It is at best nonsensical if justice would have a price, for justice essentially means the complete absence of anything unjust or of anything inequitable. Furthermore, if Justice should have a price, it will obliterate the fundamental essence of Human Rights by which the society takes its shape and form, and without which the very nature of society, of social order and human existence altogether, will only be chaotic and devastated.
That, we believe, is why Justice is put on a pedestal by every social entity all around the world. However, what is in practice, especially in relation to the government and the people, seems often otherwise, in a manner that the idea of Justice is often obliterated and the common people are demanded to pay a price for which is naturally theirs -the price of Justice.

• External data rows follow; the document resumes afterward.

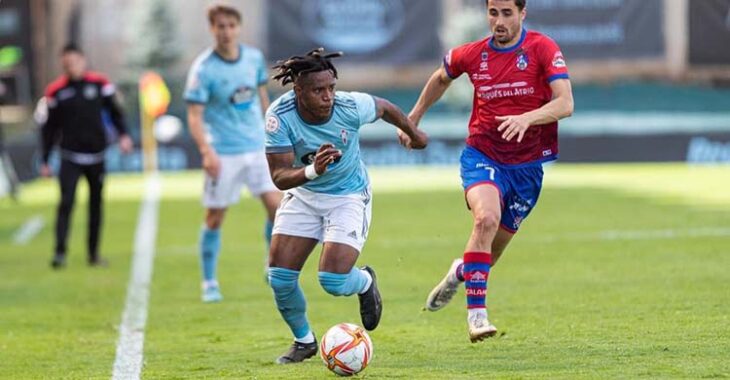 El zurdo Cedric Teguia jugando con el filial del Celta la pasada campaña cedido por el Atlético de Madrid.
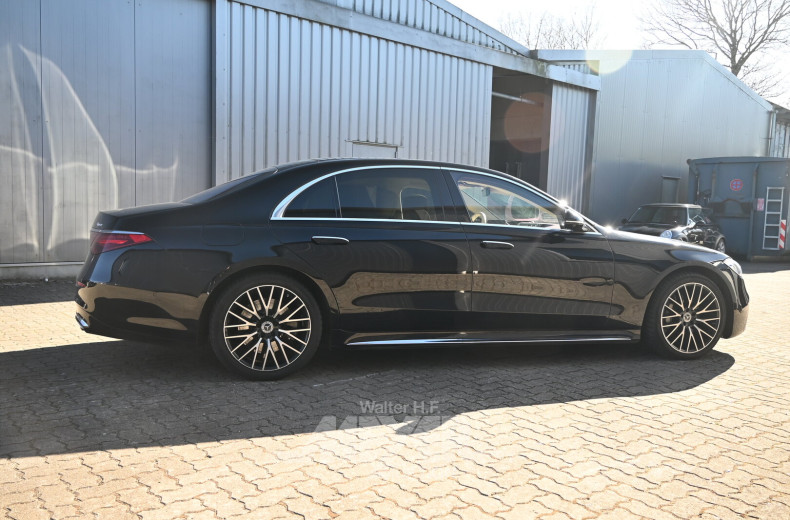 Mercedes-Benz S500 4Matic L 9G-Tronic, obsidian schwarz metallic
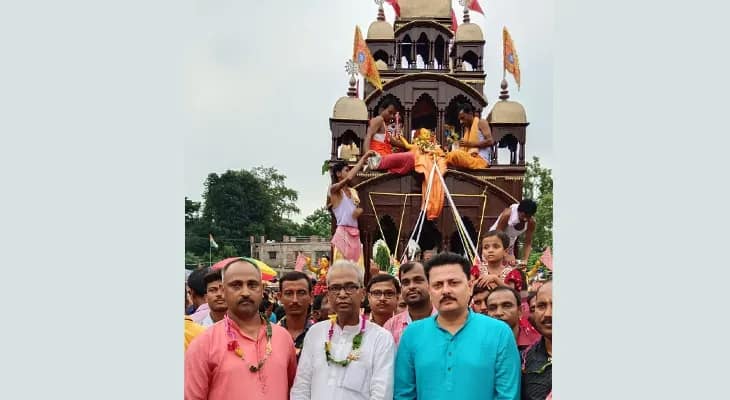 পশ্চিম মেদিনীপুরের দাঁতন থানার তুরকাতে প্রায় ২০০ বছরের প্রাচীন রথের উদ্বোধন করেন বিধায়ক বিক্রমচন্দ্র প্রধান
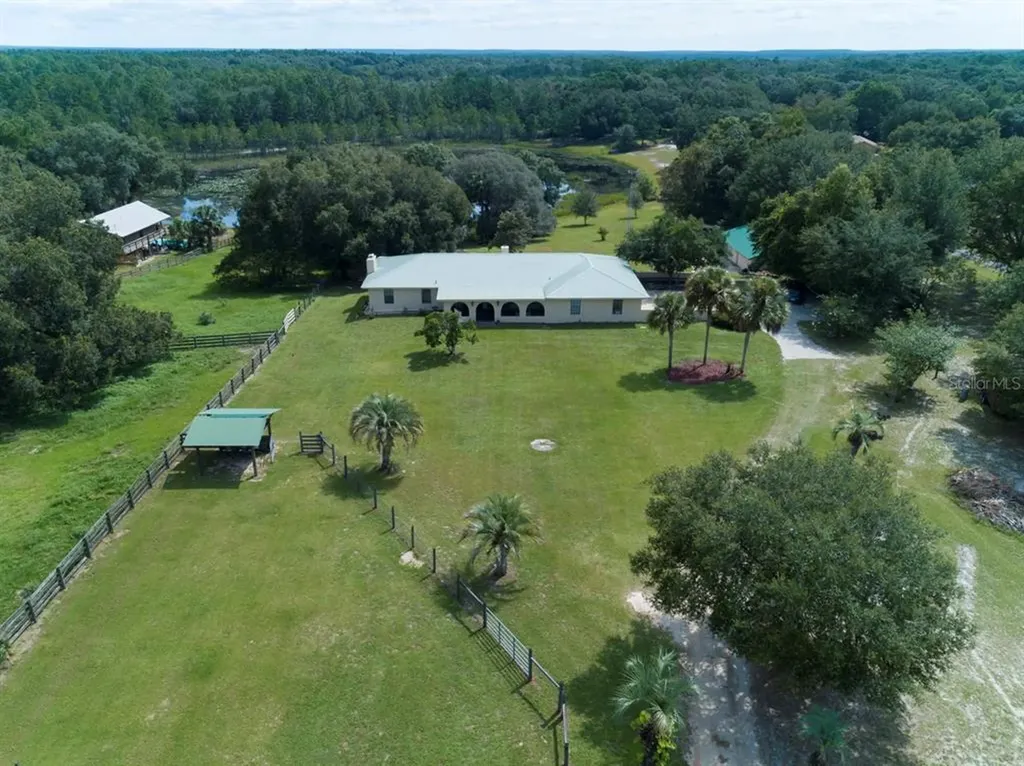 6737 SE 180th Avenue Road Ocklawaha FL 32179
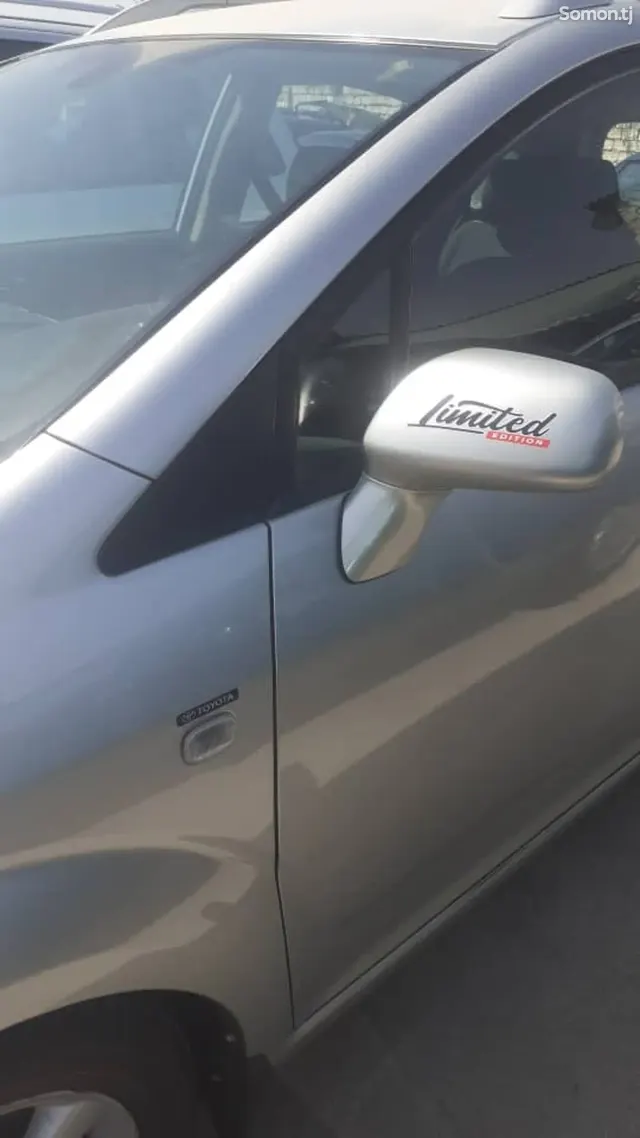 Toyota Verso 2007 · 2.2 MT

I was enkindled to come to think of the price of Justice with the thought of what people have to through just to have justice rightly served. To think of, it is already a high price to pay to go through all the procedures to have a judge judge your case. What is worse is to not be heard and neither listened to in spite of the fact that the world stands witness to your case. Whose fault then it is that you are right but you cannot be right? Who should be accountable and answerable when justice is denied? Who will plead the case for the poor and the unheard when justice has a price that high?

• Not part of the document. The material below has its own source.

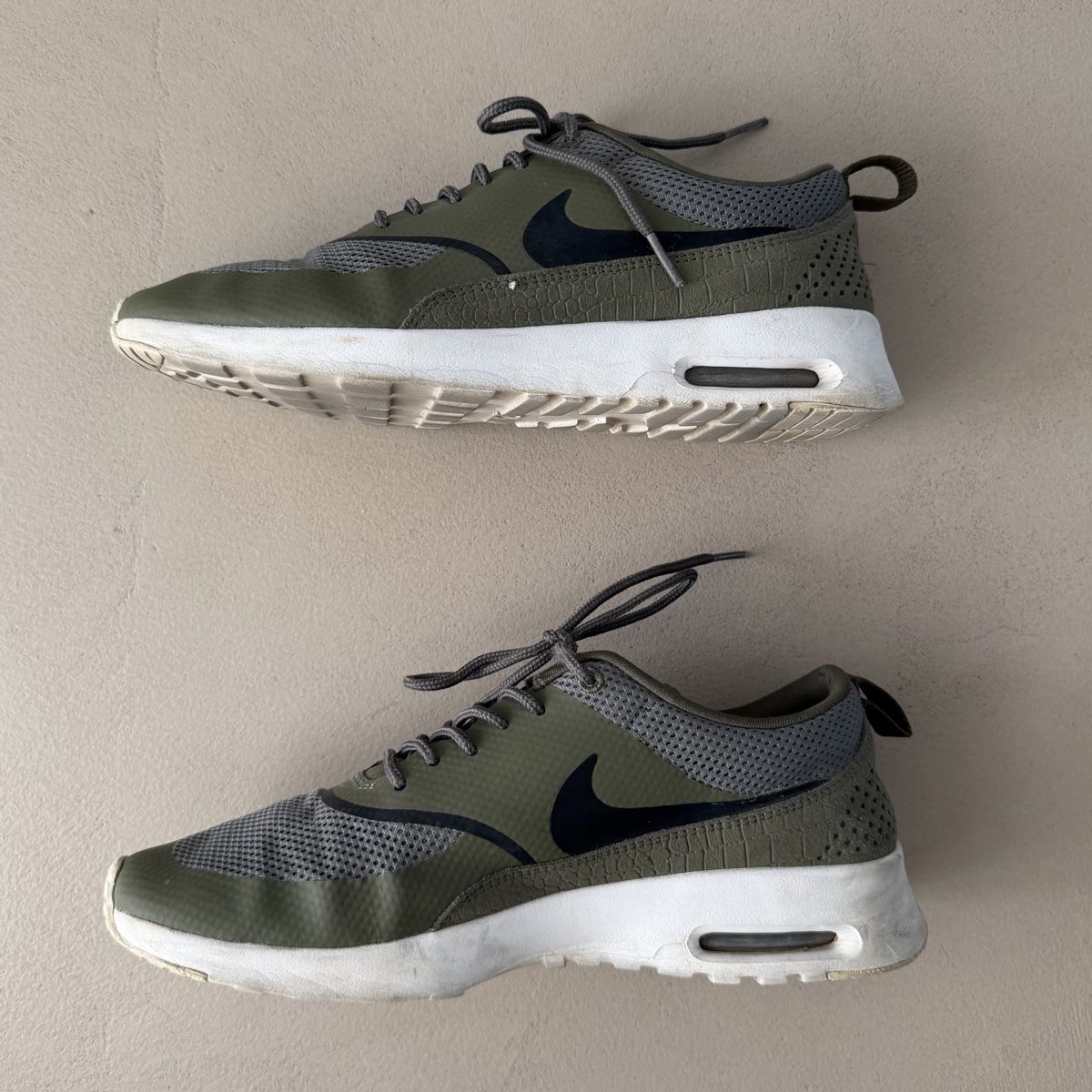 Nike Scarpe da donna: NIKE Air Max Thea Sneaker 💚 – Usato da Zürich venduto da ClosetQueen 1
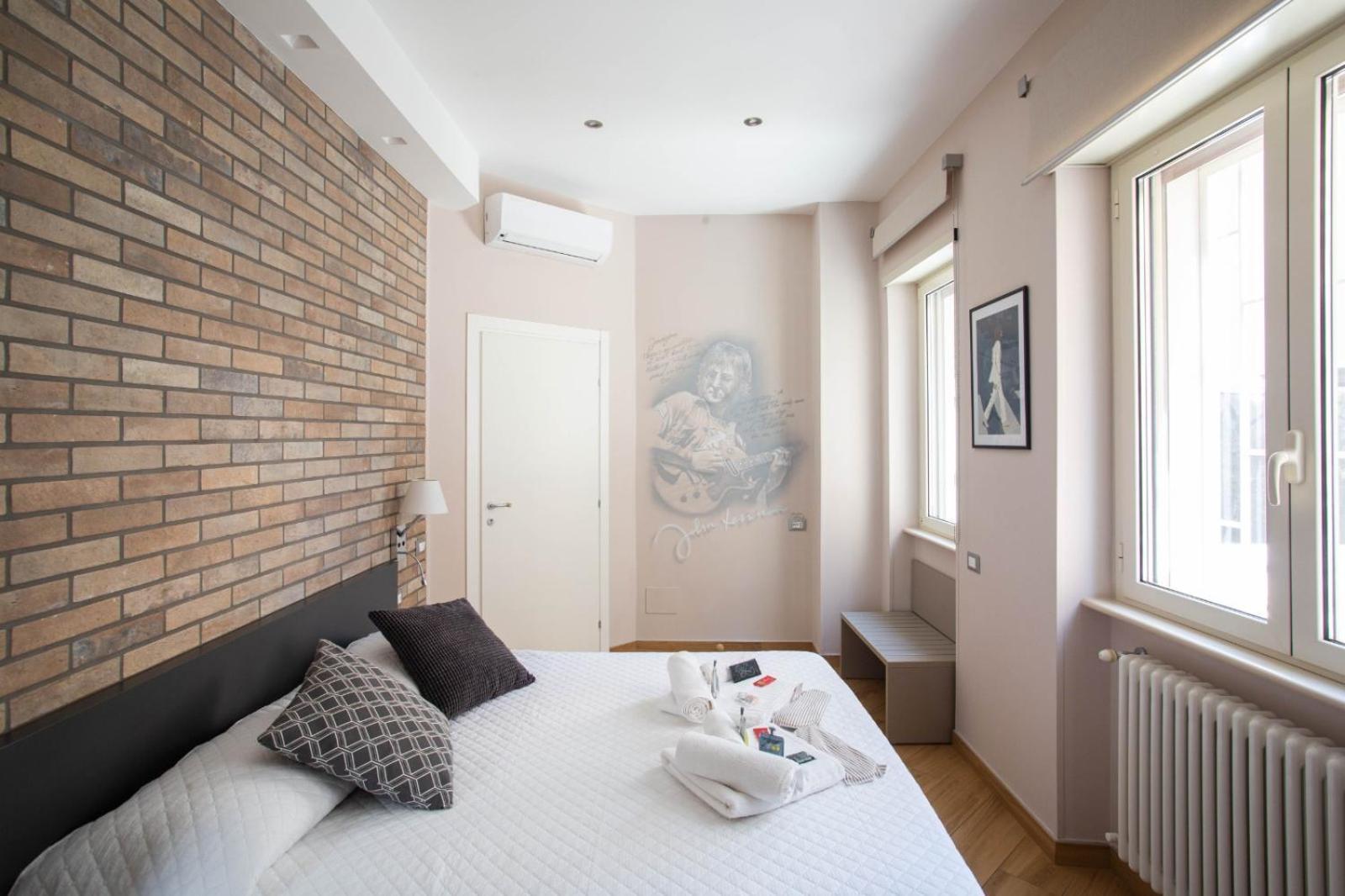 Little Rock Guest House Gaeta Buitenkant foto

One may often be compelled to ponder then -why is the price of Justice so high? Why is it buyable, making it only be for the rich? This has to be put to stop, and the voice of the people must be given its due stature. On the part of the people, it would be best to reason with the administration than resort to protests and violence, and the disruption of daily activities. On the other hand, the government too must always remember that ours is not an autocratic state, and neither is it entitled to act at will without the due and prior consent of the people.

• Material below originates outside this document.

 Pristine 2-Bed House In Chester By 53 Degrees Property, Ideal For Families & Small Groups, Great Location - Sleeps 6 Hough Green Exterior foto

For the government, the people are the essence of its existence, and if that is in any case denied and the people become victims of the government than being masters of the government, then there is no democratic government but a few autocrats who must be brought down. For the people too, it is fundamental that they come to realise their roles and power in a democracy. Notable is the fact that democracy is beautiful because it gives everyone a place in the system. It is, therefore, implicit that it is not just a mere matter of choice, but obligatory for the government to listen to the people and to listen to justice and see that it is rightly served.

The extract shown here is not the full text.